Efficient and compact neural network models are essential for enabling the deployment on mobile and embedded devices. In this work, we point out that typical design metrics for gauging the efficiency of neural network architectures -total number of operations and parameters -are not sufficient. These metrics may not accurately correlate with the actual deployment metrics such as energy and memory footprint. We show that throughput and energy varies by up to 5X across different neural network operation types on an off-the-shelf Arm Cortex-M7 microcontroller. Furthermore, we show that the memory required for activation data also need to be considered, apart from the model parameters, for network architecture exploration studies.
INTRODUCTION
Exploring efficient neural network (NN) architectures targeted for mobile and embedded devices with constrained energy and memory resources has been the recent trend in machine learning research [3, 5, 9, 12, 13] . Most research use the number of operations (Ops) and/or parameters (i.e., weights) as the metrics for evaluating the model complexity and compactness. While these metrics are sufficient when comparing significantly different NN models (e.g. AlexNet [7] vs. MobileNets [3] ), they may not be accurate enough for comparing networks whose complexity and sizes are similar. Furthermore, as research shifts towards fine-grained optimization, e.g., network architecture search [2, 14] and hyperparameter search [10, 13] , reductions in Ops or parameters may not always improve the network efficiency.

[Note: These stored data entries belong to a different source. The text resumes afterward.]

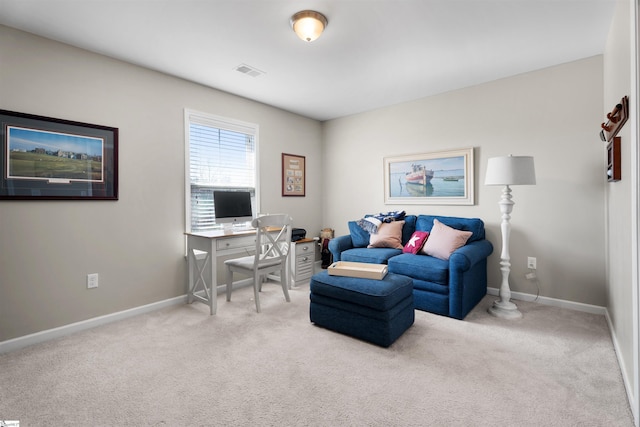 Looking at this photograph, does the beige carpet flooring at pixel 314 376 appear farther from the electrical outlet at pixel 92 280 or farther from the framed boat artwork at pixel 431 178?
the framed boat artwork at pixel 431 178

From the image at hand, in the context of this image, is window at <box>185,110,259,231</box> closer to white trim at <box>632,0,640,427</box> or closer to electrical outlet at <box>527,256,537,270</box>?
electrical outlet at <box>527,256,537,270</box>

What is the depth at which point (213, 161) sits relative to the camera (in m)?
3.78

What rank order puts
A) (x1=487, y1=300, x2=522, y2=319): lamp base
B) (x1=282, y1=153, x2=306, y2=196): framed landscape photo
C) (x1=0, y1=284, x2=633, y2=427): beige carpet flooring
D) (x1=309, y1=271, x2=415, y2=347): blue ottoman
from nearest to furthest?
(x1=0, y1=284, x2=633, y2=427): beige carpet flooring < (x1=309, y1=271, x2=415, y2=347): blue ottoman < (x1=487, y1=300, x2=522, y2=319): lamp base < (x1=282, y1=153, x2=306, y2=196): framed landscape photo

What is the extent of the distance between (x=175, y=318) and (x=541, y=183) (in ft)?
12.7

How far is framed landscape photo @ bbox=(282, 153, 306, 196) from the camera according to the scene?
4.58m

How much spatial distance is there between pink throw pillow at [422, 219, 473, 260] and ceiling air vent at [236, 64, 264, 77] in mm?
2483

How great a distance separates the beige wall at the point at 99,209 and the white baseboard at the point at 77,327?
0.14 feet

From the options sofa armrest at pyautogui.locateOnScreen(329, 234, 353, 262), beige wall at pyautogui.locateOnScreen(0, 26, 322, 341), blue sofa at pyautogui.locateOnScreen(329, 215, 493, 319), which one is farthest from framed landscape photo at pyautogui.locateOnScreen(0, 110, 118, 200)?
blue sofa at pyautogui.locateOnScreen(329, 215, 493, 319)

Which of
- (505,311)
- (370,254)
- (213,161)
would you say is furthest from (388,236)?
(213,161)

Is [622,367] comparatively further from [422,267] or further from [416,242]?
[416,242]

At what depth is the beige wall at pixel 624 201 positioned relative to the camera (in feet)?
5.31

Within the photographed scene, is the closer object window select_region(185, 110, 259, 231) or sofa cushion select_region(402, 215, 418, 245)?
window select_region(185, 110, 259, 231)

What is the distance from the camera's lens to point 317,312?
8.87 ft

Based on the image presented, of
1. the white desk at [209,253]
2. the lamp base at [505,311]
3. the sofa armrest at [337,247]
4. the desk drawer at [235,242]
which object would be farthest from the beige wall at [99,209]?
the lamp base at [505,311] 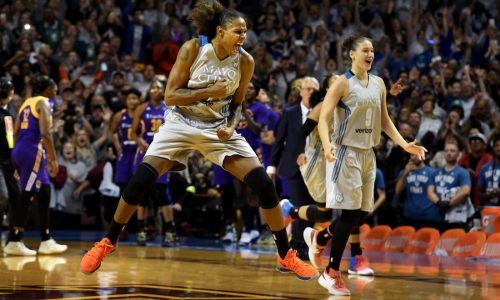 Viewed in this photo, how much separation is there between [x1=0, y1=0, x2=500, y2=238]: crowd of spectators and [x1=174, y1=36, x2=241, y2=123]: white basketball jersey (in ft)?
20.8

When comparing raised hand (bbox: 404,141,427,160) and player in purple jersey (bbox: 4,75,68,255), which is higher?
raised hand (bbox: 404,141,427,160)

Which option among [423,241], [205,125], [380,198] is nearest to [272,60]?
[380,198]

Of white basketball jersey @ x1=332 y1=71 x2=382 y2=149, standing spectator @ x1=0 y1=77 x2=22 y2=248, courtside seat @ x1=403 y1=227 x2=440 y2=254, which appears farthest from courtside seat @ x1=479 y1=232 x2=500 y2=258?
standing spectator @ x1=0 y1=77 x2=22 y2=248

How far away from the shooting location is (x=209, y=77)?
611 centimetres

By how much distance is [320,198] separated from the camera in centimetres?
856

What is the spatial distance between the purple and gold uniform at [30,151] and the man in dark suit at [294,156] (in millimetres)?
2509

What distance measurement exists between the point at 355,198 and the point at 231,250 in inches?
178

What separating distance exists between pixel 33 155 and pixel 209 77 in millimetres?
3955

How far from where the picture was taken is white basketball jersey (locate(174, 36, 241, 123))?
6098 mm

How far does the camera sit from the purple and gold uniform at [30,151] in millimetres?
9383

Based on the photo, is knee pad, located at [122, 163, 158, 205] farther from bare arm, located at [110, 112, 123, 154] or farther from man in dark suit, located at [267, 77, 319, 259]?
bare arm, located at [110, 112, 123, 154]

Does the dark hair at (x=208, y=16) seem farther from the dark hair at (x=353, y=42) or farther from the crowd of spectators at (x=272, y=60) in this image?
the crowd of spectators at (x=272, y=60)

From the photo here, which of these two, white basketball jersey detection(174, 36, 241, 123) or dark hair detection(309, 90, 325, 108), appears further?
dark hair detection(309, 90, 325, 108)

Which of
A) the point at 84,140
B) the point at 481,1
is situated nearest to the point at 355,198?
the point at 84,140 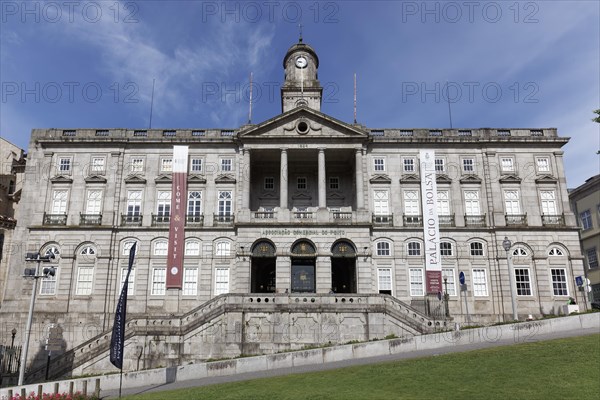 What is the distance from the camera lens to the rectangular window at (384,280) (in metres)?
42.0

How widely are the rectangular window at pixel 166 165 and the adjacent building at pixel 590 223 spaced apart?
147 ft

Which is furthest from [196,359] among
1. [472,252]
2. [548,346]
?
[472,252]

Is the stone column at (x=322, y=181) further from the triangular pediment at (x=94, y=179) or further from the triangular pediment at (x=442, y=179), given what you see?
the triangular pediment at (x=94, y=179)

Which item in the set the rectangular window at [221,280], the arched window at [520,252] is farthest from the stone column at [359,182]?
the arched window at [520,252]

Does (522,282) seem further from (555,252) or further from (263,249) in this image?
(263,249)

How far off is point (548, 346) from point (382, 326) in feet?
37.4

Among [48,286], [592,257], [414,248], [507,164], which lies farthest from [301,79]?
[592,257]

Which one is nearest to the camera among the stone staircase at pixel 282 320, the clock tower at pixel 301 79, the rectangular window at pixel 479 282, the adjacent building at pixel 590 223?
the stone staircase at pixel 282 320

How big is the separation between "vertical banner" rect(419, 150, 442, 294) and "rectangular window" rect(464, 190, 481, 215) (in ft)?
10.7

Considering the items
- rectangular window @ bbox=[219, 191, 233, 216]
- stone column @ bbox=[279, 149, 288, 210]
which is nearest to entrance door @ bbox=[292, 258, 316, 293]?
stone column @ bbox=[279, 149, 288, 210]

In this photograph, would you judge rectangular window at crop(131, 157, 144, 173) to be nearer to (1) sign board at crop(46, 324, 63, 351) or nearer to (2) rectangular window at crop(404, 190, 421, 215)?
(1) sign board at crop(46, 324, 63, 351)

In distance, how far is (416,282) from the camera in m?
42.3

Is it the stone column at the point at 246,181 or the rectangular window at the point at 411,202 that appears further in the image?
the rectangular window at the point at 411,202

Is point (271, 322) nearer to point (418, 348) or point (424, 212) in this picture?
point (418, 348) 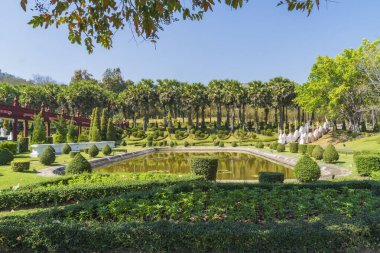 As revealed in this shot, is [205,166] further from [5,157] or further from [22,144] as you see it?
[22,144]

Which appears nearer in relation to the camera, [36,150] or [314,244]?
[314,244]

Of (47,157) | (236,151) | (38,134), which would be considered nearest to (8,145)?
(38,134)

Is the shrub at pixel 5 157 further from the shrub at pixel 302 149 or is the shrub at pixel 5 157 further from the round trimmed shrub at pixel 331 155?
the shrub at pixel 302 149

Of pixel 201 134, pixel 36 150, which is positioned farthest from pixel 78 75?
pixel 36 150

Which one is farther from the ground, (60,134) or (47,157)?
(60,134)

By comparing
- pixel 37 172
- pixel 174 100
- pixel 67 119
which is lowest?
pixel 37 172

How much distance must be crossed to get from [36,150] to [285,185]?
23322 millimetres

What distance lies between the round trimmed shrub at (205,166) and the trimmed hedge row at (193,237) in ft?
33.3

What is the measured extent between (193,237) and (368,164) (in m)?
13.8

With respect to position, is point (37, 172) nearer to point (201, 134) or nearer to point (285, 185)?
point (285, 185)

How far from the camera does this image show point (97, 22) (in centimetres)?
568

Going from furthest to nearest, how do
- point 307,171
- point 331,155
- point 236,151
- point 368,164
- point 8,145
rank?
point 236,151
point 8,145
point 331,155
point 368,164
point 307,171

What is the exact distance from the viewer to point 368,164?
1605 cm

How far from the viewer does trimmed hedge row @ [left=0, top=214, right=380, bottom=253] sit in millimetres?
5531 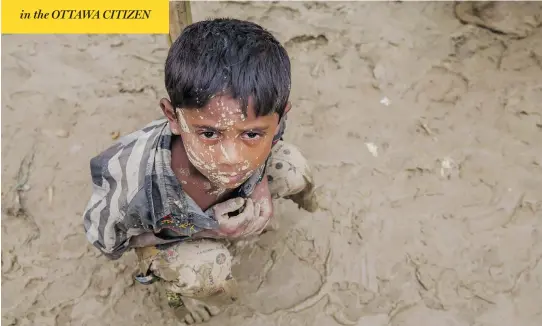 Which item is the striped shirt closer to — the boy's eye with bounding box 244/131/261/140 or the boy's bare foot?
the boy's eye with bounding box 244/131/261/140

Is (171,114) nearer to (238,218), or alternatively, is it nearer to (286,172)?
(238,218)

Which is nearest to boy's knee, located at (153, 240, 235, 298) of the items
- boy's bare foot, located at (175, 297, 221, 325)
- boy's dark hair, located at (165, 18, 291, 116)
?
boy's bare foot, located at (175, 297, 221, 325)

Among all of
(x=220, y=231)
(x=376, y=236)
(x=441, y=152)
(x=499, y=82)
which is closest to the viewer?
(x=220, y=231)

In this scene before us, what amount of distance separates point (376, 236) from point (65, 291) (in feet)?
3.79

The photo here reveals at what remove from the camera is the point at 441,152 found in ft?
7.72

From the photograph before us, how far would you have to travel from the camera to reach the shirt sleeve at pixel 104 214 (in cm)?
152

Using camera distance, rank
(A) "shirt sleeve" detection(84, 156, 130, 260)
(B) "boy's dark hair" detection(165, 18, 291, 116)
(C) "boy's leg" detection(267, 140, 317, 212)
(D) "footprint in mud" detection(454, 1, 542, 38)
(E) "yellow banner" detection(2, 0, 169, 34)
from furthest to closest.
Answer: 1. (D) "footprint in mud" detection(454, 1, 542, 38)
2. (E) "yellow banner" detection(2, 0, 169, 34)
3. (C) "boy's leg" detection(267, 140, 317, 212)
4. (A) "shirt sleeve" detection(84, 156, 130, 260)
5. (B) "boy's dark hair" detection(165, 18, 291, 116)

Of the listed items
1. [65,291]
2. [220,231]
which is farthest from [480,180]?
[65,291]

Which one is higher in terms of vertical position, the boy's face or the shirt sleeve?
the boy's face

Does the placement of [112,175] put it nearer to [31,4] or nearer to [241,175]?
[241,175]

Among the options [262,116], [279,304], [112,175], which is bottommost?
[279,304]

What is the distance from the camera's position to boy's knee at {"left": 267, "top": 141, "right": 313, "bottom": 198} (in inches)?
72.4

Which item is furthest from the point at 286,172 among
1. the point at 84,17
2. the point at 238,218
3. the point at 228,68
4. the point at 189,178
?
the point at 84,17

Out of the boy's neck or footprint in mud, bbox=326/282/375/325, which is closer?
the boy's neck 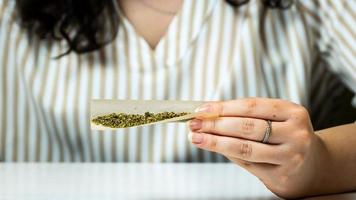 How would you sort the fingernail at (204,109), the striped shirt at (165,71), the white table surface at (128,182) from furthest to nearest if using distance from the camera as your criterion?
the striped shirt at (165,71) < the white table surface at (128,182) < the fingernail at (204,109)

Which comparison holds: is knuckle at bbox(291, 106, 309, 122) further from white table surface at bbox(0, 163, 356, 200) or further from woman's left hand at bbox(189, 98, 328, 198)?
white table surface at bbox(0, 163, 356, 200)

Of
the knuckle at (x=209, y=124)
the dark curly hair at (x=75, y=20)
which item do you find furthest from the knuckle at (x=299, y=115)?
the dark curly hair at (x=75, y=20)


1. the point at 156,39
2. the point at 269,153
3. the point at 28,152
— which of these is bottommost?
the point at 28,152

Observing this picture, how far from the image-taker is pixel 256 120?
28.9 inches

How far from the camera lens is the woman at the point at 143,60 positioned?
1.23 metres

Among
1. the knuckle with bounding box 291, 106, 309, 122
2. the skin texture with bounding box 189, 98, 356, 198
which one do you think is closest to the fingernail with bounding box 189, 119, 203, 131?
the skin texture with bounding box 189, 98, 356, 198

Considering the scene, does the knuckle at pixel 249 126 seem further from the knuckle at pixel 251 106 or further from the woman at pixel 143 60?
the woman at pixel 143 60

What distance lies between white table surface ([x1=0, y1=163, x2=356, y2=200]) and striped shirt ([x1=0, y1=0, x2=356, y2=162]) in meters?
0.15

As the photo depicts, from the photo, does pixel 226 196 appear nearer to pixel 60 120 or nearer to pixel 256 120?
pixel 256 120

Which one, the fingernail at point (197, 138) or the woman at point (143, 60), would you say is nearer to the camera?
the fingernail at point (197, 138)

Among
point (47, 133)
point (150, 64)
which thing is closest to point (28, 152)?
point (47, 133)

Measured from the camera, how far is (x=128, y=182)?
0.92 meters

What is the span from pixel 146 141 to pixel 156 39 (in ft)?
0.74

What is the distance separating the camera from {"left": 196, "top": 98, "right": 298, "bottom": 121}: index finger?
72 centimetres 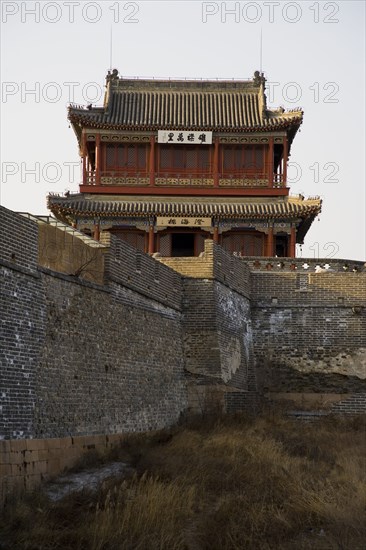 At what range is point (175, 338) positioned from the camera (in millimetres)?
20844

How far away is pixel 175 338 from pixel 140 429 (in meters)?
3.46

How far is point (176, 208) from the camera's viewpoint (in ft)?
105

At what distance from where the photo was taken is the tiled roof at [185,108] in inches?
1307

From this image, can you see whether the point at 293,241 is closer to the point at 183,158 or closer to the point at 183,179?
the point at 183,179

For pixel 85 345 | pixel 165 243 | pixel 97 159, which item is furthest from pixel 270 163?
pixel 85 345

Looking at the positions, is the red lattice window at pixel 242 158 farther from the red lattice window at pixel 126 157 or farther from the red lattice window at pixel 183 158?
the red lattice window at pixel 126 157

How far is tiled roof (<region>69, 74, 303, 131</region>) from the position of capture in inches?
1307

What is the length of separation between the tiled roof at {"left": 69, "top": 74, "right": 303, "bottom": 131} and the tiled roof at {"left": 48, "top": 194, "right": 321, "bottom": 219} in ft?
9.47

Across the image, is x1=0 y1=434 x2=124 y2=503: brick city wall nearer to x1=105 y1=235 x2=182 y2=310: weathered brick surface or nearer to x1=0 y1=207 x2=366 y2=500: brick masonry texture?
x1=0 y1=207 x2=366 y2=500: brick masonry texture

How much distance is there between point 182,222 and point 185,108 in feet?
16.7

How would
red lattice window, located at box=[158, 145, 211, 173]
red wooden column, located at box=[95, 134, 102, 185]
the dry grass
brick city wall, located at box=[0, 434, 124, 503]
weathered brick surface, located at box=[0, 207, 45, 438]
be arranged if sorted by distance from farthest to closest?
red lattice window, located at box=[158, 145, 211, 173] → red wooden column, located at box=[95, 134, 102, 185] → weathered brick surface, located at box=[0, 207, 45, 438] → brick city wall, located at box=[0, 434, 124, 503] → the dry grass

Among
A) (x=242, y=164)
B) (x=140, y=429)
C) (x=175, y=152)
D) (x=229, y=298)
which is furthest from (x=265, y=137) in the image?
(x=140, y=429)

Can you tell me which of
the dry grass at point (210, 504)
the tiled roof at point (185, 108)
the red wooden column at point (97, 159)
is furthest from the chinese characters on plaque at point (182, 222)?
the dry grass at point (210, 504)

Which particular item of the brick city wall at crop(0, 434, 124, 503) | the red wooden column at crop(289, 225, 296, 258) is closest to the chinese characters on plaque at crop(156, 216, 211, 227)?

Energy per inference and total memory footprint are two main system metrics to be considered for deploying NN based solutions on resource constrained devices. In this work, we show examples that NNs with similar network design metrics can have very different deployment metrics when running on resource constrained devices like microcontrollers. In particular, we show:
• Throughput and energy efficiency for different types of NN operations can vary by up to 5X. This can result in 30% difference in runtime and energy for NNs with similar Ops and accuracy.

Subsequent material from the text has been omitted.